By John Tapley
Venomous, voracious, and altogether vicious, the indo-Pacific red lionfish has plagued coastal waters off the southeastern United States for over a decade: scouring reef environments by rapidly consuming smaller fish and breeding quickly. Lionfish are an invasive, apex predator, and were it not for human intervention, would have full reign over the coast’s already delicate ecosystem. Sharing the lionfish plight and encouraging people to protect their waterways is the Reef Environmental Education Foundation (REEF) and its upcoming summertime series centered in Florida: the REEF 2018 Lionfish Derby Series Presented by Whole Foods Market(r).
“The derby series has a multi-faceted purpose; on the surface, we want to take lionfish out of the water because they are detrimental to our ecosystems,” explains REEF Lionfish Derby coordinator Ashley Yarbrough. “Derbies also serve a valuable outreach purpose: because they are public, outdoor events we get to communicate important marine conservation to people who are participating and [those] passing through: anything from lionfish to specific ways they can get involved to protect our coral reefs.”
Core to the events will be series of competitions where teams of lionfish hunters give it their all to stomp out the invasive predator.
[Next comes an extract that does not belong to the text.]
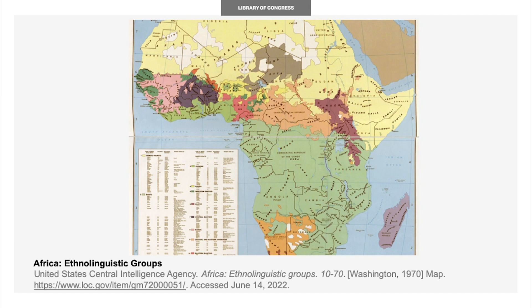Sociolinguistics is the study of how language and its structure are shaped by society and the culture it is surrounded by or interacts with. Within sociolinguistics, poetry can be considered a register, or a type of language used in a specific setting or for a particular purpose.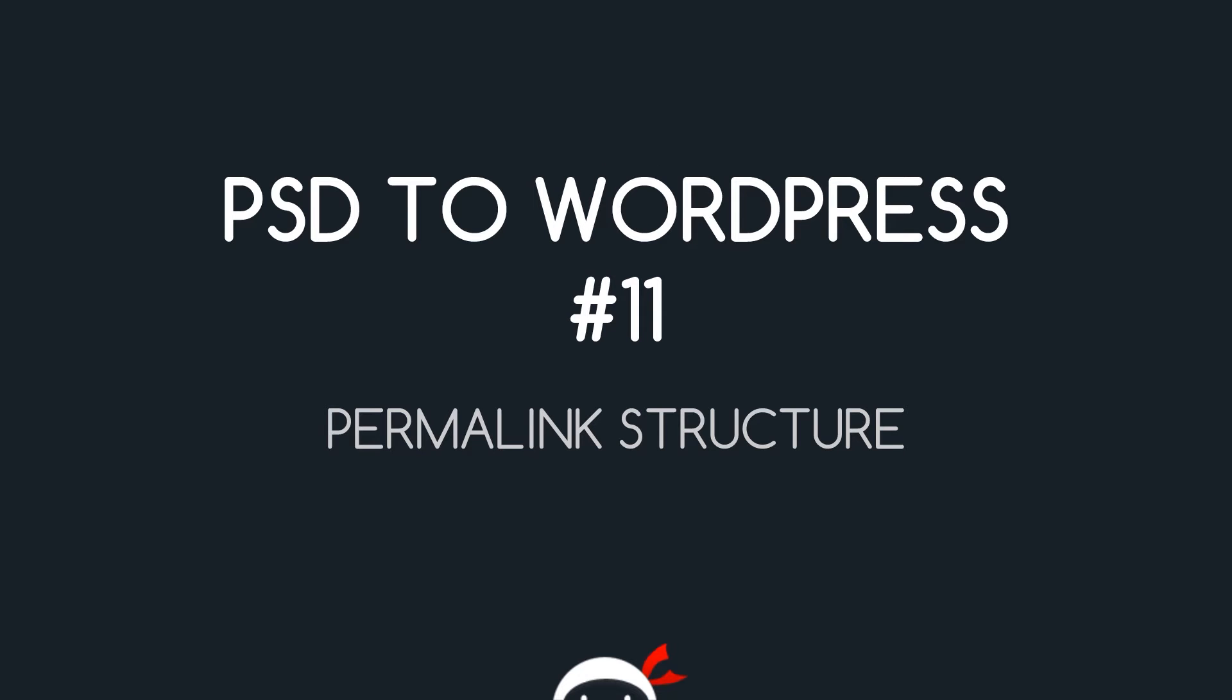Yo, what's going on guys? You're watching PSD to WordPress Lesson 11 and in this video we're going to talk about the permalink structure in WordPress and how we can change it.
Prize categories will include largest, smallest, and most caught lionfish: the latter divided into 10 tiers. A new prize category, the $1000 cash Golden Fish Award, will be elligible for all registerd teams as a means to, according to Yarbrough, “level the playing field: enabling competitors both seasoned and novice and opportunity to win big. Another new division, the newcomers category, will match beginners with their equals.
Prior to participating, teams must meet with at a captain’s meeting, which will help them understand the plight of the lionfish invasion and impart valuable skills and knowledge on safety procedures and hunting techniques.
While most of the lionfish derby action will take place beneath the surface, the series will include a plethora of activities geared for the whole family. During the tournies, each location will offer varied events – likened to a street fair or block party – for attendees of all interests and ages; raffles, yard games, and educational lionfish dissections are just a few. Key to these festivities will be lionfish cooking competitions and tastings with competitors’ catch scaled and served for attendees.
“This year we are implementing more culinary competitions – last year we just had [two] – to further encourage people to eat lionfish and show them the many ways it can be cooked and integrated in their diets,” says Yarbrough.
Quick to feed and to breed, lionfish have many advantages against the southeastern United States, but with human intervention, this influx may recede. Since the derby series started in 2009, over 21,092 lionfish have been caught off Florida’s waters; countless guests and competitors have been educated on this voracious apex predator. And as the threat continues onward, REEF will follow in stride: keeping its mission to protect and enhance waterways the world over.